This time of year always seems to be an exhilarating time of year to fish. The fronts are becoming further and further apart as summer approaches. The mornings and evenings are still cool with a slight chill in the air and the afternoon sun still tolerable. The water is electrified both inshore an off.
Inshore fish are starting to make their way out of hibernation from the bays and bayous making their way to open water. Offshore acres and acres of bait are starting to arrive along with the Pelagic species that feast on them. There’s something in the air and it’s not just the fish that feel it. I guess spring fever really does exist. Just take a look around at the marinas, ramps and not to mention the beaches they are all teaming with fisherman and boats of all types and sizes.

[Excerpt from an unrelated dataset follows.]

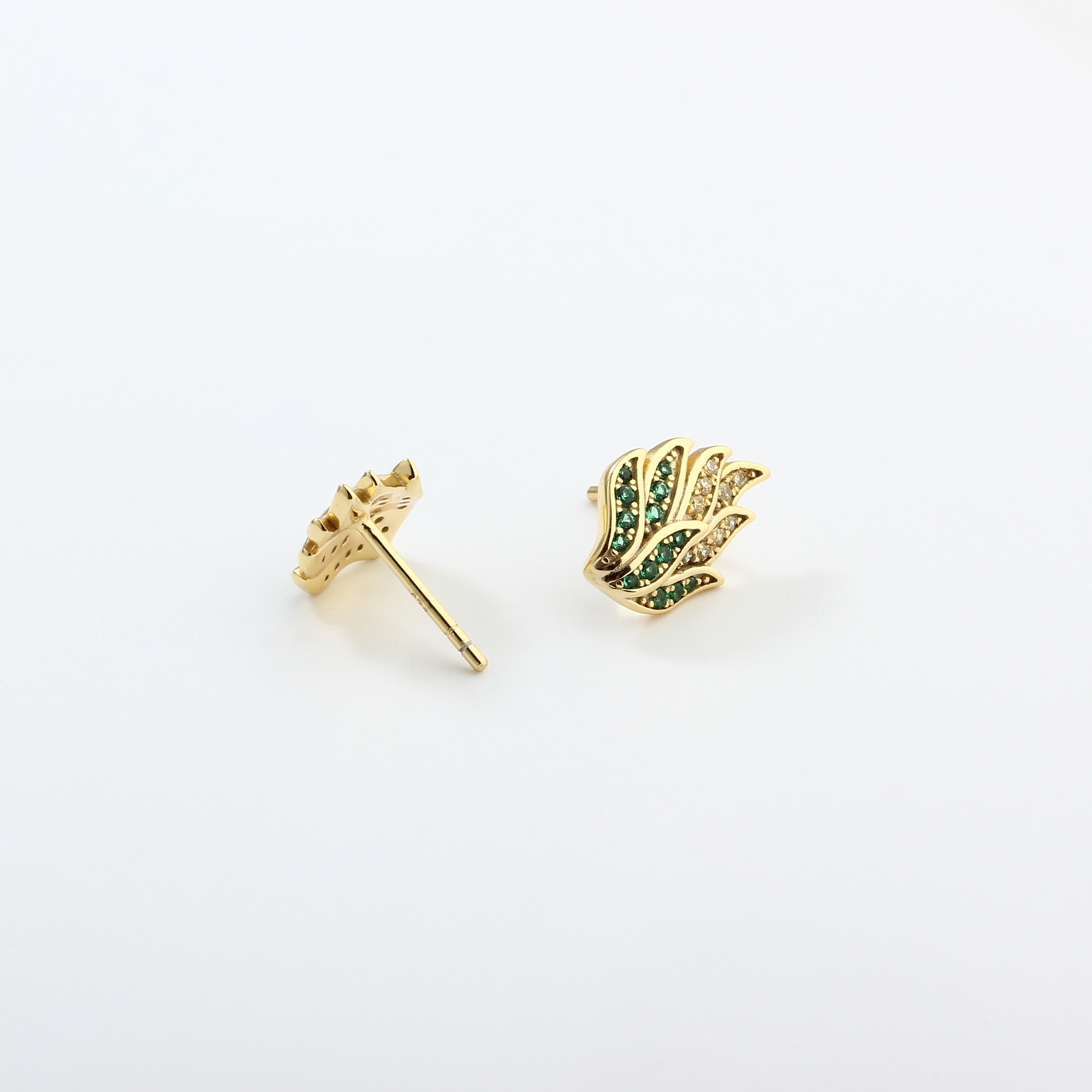 925 Sterling Silver Leaf Cluster Stud Earrings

This is a perfect time of year for this hack as this specie is no different as it makes its way offshore to spawn. You’ve probably seen them skip in your wake on the outside of a flat in the bay or maybe as you’re running out, of one of our many passes as you skirt the outer edge of the bar heading offshore. I’m talking about that hard-hitting, little jack, known as the Florida Pompano.

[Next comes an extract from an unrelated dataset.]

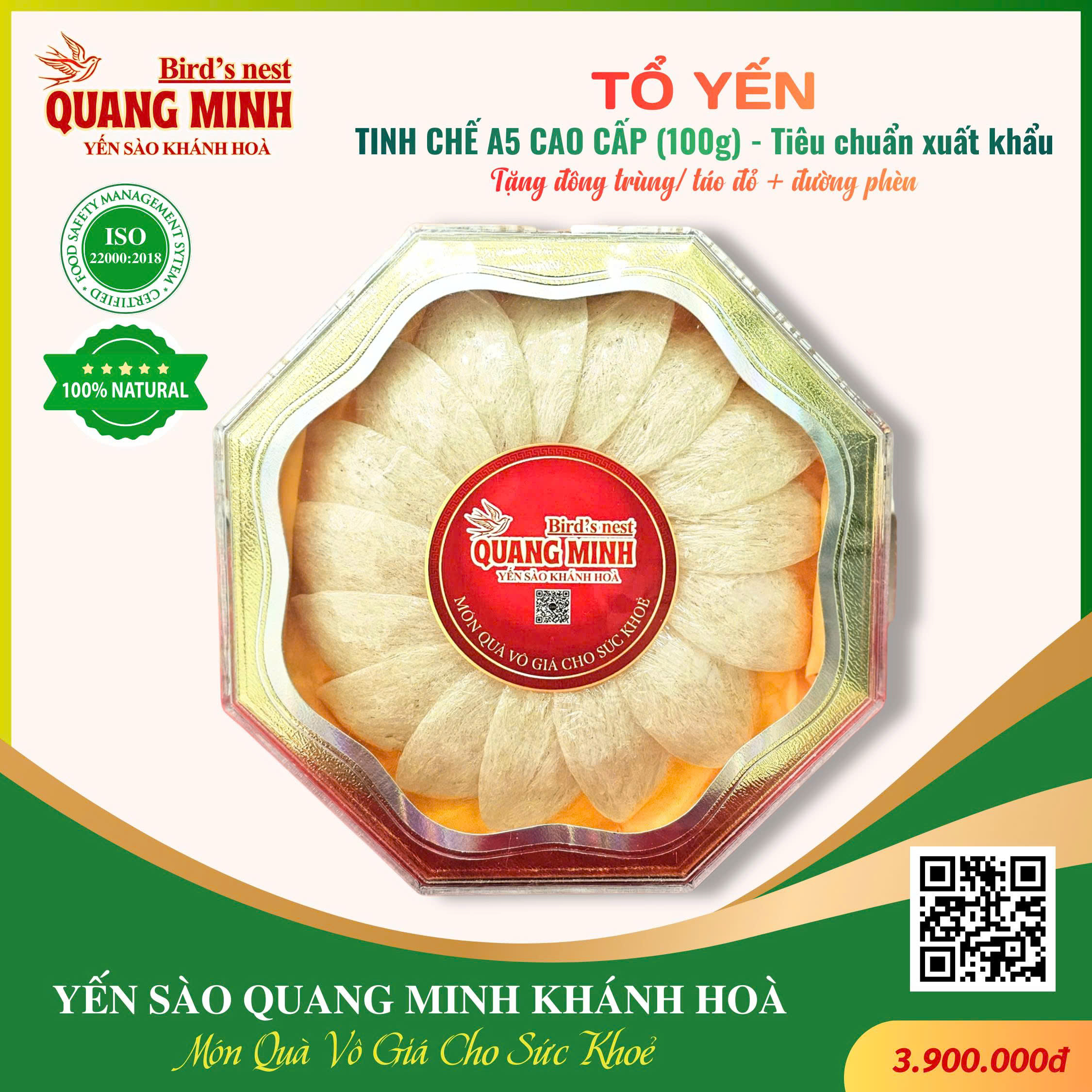 Tổ yến tinh chế A5 cao cấp 100g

I personally have become just as observant off the water as I have on. My mom always said, “beware of your surroundings.” Well, this time it paid off! When you launch from the same ramp around the same time and same days for years you tend to see many of the same people doing the same things. After all, we too are creatures of habit. You tend to know the avid angler from the weekend warrior pretty fast. In true human nature we desire to know what the other guy is doing, how he’s fishing, how their rods or boat are rigged, etc. So we look.
One of the avid anglers I frequently see always has a few rods on the boat, no specific rigging to speak of and typically fishes alone. What I did notice time after time were rearview mirrors attached to either side of his center console. I never thought much about it at first, but it kind of got me wondering. What was he looking for, was it, Kamikaze jet skiers or runaway kite surfers, which this area is known for both. Did his mother tell him the same thing? So the curiosity finally got to me one morning as we exchanged waves. So I walked over to ask the question, why the rearview mirrors? His answer, and the it wasn’t an afterward-approaching threat, he simply said, “Pompano.” He continued to tell me how he fishes alone and it’s the best way to see them skip his wake while running from one area to the next. Genius! I thought it truly is the simple things.
Now that you found a Pompano by its aerial display in your rearview mirror remember, where there is one there is typically many. How do you fish for them? Let the boat settle, they don’t spook as easy as other fish and are used to boat traffic and some pressure. With that said, they are a fast moving fish, typically influenced by tide. Stay with them and it’s game on! Light tackle is preferred, most of these fish are found in and near clear water. Those of you who prefer artificial baits – banana jigs, small bucktails and swim baits are among the favorites. Those of you who prefer live bait – shrimp, cut pass crab, fiddler crab and sand fleas are great. Either way just remember, size does matter. In this case think small. Due to the size of the Pompano’s mouth, which is small, they eat smaller bait. Lastly, don’t under estimate the fight, once they gulp down your bait ….FISH ON.
So, if you’re not slow rolling out of the pass or meandering the flats, this hack is a great way to catch an aerial glimpse of these small jacks. As you’re up and running don’t let an opportunity just skip you by.